# Diesel Fog Lights



## Cruze2.0Diesel (Jun 30, 2013)

How about the ECO fogs as the diesel has the ECO package? Just a thought, I'd love to know what the final product is that fits as I've been considering it myself.


----------



## RedHot14Diesel (Jan 17, 2014)

Would you happen to have the part number? I'd instal it myself and have the dealership program the BCM.

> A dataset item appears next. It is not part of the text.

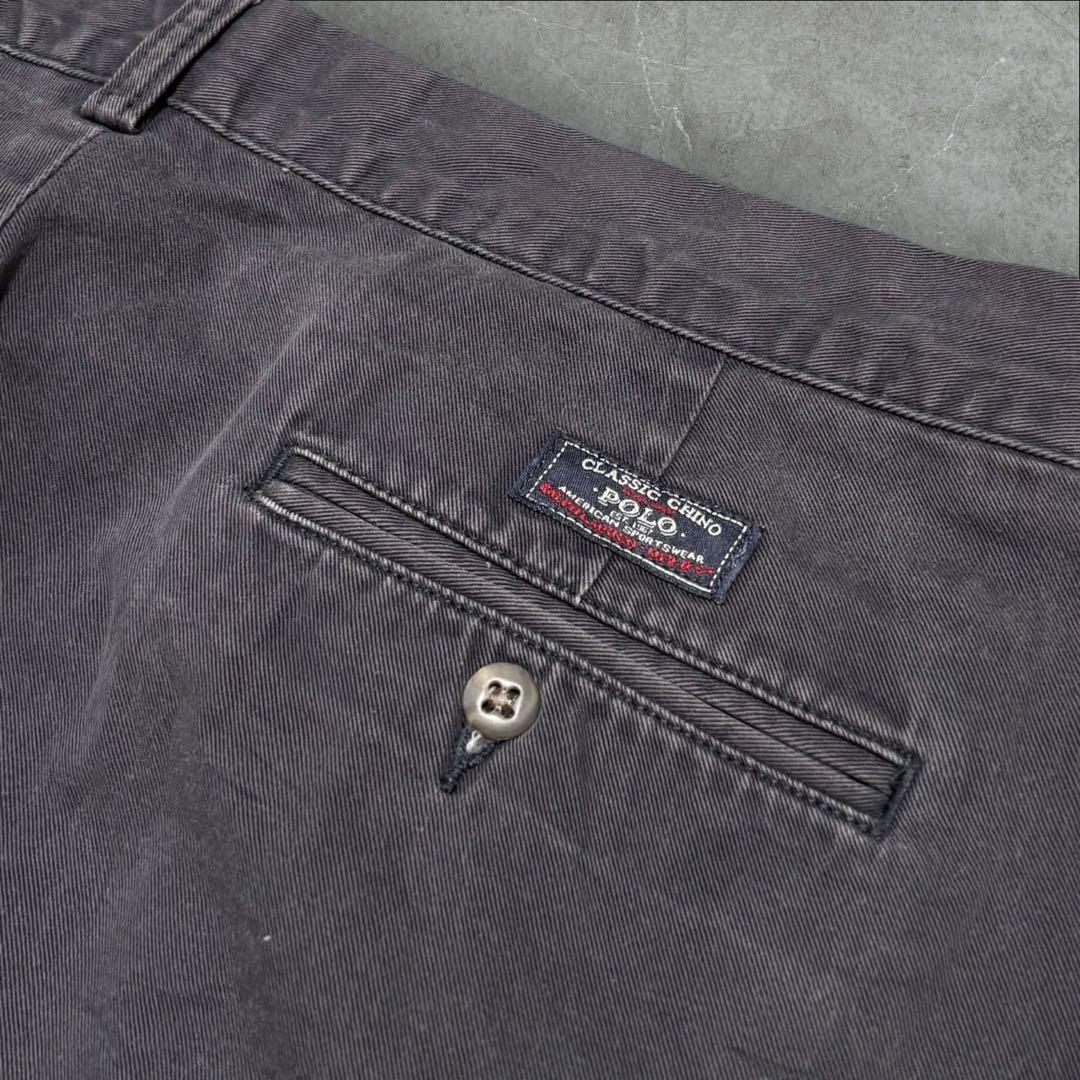 00sラルフローレンPolobyRalphLauren 2タックチノパンW35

Sent from AutoGuide.com App


----------



## obermd (Mar 3, 2012)

The RS bumper is different. The fog lamps for the non-RS trims are the correct ones. They unfortunately don't have the nice chrome trim.


----------



## jswinehart (Dec 18, 2013)

Looks to be the same fogs as the Eco probably I'll take a pic once it light out. The bumper cut out is completely different shape from the rs package from looking at two side by side here on the lot.


----------



## farmallgray (Nov 28, 2013)

Mine don't have any chrome trim.


----------



## MilTownSHO (Oct 9, 2013)

No Chrome trim, thankfully


----------



## fj40intow (Nov 4, 2013)

No chrome strip and the dealer has to program the BCM to recognize the foglight switch.

Fog Lamps landing page


----------



## revjpeterson (Oct 2, 2013)

I had mine installed by the dealer as part of the deal when I bought my Diesel. No Chrome on mine, but you can add it with something like these:

2009 2010 2011 2012 2013 CHEVY CRUZE TRIPLE CHROME FRONT FOG LIGHT COVER TRIM - Amazon.com

or

Amazon.com: brand New For 2009-2011 CHEVY CHEVROLET CRUZE Triple Chrome Plated Front Fog Lamp Cover Trims: Automotive

or

Chevrolet Cruze 2009 2011 Mirror Chrome Trim Front Fog Light Cover Molding Kit | eBay

The last link from Ebay are the ones I ultimately purchased. The fit wasn't perfect and I actually had to install them on the opposite sides from what they were marked for a better fit, but overall they still look good unless you get down on eye level with them. If I had to do it again, I'd probably try one of the amazon products instead. My photos can be seen at http://www.cruzetalk.com/forum/11-appearance-detailing-interior/47282-new-chrome.html


----------